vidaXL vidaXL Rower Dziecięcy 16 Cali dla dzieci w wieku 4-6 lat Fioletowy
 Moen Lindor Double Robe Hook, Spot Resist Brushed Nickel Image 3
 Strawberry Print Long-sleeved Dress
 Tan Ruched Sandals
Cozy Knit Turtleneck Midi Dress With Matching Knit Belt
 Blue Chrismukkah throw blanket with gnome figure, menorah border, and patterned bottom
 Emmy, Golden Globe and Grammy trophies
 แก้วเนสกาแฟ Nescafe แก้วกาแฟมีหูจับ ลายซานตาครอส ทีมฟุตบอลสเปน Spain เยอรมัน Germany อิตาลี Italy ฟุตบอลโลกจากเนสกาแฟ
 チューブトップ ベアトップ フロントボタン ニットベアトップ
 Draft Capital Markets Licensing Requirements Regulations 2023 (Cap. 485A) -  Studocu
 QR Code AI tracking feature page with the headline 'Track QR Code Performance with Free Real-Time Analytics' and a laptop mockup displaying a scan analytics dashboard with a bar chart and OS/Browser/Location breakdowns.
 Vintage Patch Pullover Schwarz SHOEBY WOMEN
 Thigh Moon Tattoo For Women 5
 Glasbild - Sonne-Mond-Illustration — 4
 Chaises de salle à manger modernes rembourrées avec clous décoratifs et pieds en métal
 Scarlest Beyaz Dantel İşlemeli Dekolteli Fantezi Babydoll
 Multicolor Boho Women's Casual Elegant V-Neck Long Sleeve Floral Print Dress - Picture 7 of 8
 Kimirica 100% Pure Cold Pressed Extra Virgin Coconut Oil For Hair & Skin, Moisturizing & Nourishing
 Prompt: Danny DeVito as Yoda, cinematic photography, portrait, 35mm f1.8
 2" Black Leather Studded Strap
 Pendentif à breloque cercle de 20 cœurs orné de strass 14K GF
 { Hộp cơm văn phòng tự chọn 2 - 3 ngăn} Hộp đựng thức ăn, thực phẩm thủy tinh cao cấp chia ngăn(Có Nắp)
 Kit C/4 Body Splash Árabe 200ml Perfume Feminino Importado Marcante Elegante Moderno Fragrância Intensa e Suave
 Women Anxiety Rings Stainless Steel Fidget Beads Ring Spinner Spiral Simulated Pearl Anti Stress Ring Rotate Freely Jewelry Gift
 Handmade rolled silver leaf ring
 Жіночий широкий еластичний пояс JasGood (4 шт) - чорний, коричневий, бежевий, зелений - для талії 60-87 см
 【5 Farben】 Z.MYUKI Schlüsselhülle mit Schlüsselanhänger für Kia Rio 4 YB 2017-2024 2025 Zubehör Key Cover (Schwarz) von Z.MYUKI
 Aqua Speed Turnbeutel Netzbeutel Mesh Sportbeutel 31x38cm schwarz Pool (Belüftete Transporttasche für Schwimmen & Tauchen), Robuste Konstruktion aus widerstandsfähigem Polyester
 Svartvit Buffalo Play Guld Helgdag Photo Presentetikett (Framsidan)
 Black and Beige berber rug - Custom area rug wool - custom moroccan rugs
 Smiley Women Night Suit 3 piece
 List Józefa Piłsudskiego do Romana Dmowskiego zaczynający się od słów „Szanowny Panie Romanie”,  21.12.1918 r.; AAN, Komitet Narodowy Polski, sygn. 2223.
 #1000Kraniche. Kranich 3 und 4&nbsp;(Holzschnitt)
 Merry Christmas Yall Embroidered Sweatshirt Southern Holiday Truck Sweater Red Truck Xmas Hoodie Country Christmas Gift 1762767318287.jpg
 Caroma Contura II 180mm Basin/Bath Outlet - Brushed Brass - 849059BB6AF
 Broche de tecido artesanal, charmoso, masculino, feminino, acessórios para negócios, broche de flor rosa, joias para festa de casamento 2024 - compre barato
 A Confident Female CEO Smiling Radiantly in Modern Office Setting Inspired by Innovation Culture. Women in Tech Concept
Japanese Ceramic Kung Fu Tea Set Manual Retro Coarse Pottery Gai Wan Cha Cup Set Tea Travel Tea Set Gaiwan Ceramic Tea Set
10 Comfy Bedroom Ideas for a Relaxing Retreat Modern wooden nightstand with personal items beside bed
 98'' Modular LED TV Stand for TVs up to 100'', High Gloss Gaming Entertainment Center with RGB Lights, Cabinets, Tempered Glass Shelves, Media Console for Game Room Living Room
-*-*-
§ **INSTRUCTIONS TO FOLLOW**
When you come to the line containing "Pendentif à breloque", give it and stop; before that, repeat each line of the material exactly from the first one.

§ **EXPECTED OUTPUT**
vidaXL vidaXL Rower Dziecięcy 16 Cali dla dzieci w wieku 4-6 lat Fioletowy
 Moen Lindor Double Robe Hook, Spot Resist Brushed Nickel Image 3
 Strawberry Print Long-sleeved Dress
 Tan Ruched Sandals
Cozy Knit Turtleneck Midi Dress With Matching Knit Belt
 Blue Chrismukkah throw blanket with gnome figure, menorah border, and patterned bottom
 Emmy, Golden Globe and Grammy trophies
 แก้วเนสกาแฟ Nescafe แก้วกาแฟมีหูจับ ลายซานตาครอส ทีมฟุตบอลสเปน Spain เยอรมัน Germany อิตาลี Italy ฟุตบอลโลกจากเนสกาแฟ
 チューブトップ ベアトップ フロントボタン ニットベアトップ
 Draft Capital Markets Licensing Requirements Regulations 2023 (Cap. 485A) -  Studocu
 QR Code AI tracking feature page with the headline 'Track QR Code Performance with Free Real-Time Analytics' and a laptop mockup displaying a scan analytics dashboard with a bar chart and OS/Browser/Location breakdowns.
 Vintage Patch Pullover Schwarz SHOEBY WOMEN
 Thigh Moon Tattoo For Women 5
 Glasbild - Sonne-Mond-Illustration — 4
 Chaises de salle à manger modernes rembourrées avec clous décoratifs et pieds en métal
 Scarlest Beyaz Dantel İşlemeli Dekolteli Fantezi Babydoll
 Multicolor Boho Women's Casual Elegant V-Neck Long Sleeve Floral Print Dress - Picture 7 of 8
 Kimirica 100% Pure Cold Pressed Extra Virgin Coconut Oil For Hair & Skin, Moisturizing & Nourishing
 Prompt: Danny DeVito as Yoda, cinematic photography, portrait, 35mm f1.8
 2" Black Leather Studded Strap
 Pendentif à breloque cercle de 20 cœurs orné de strass 14K GF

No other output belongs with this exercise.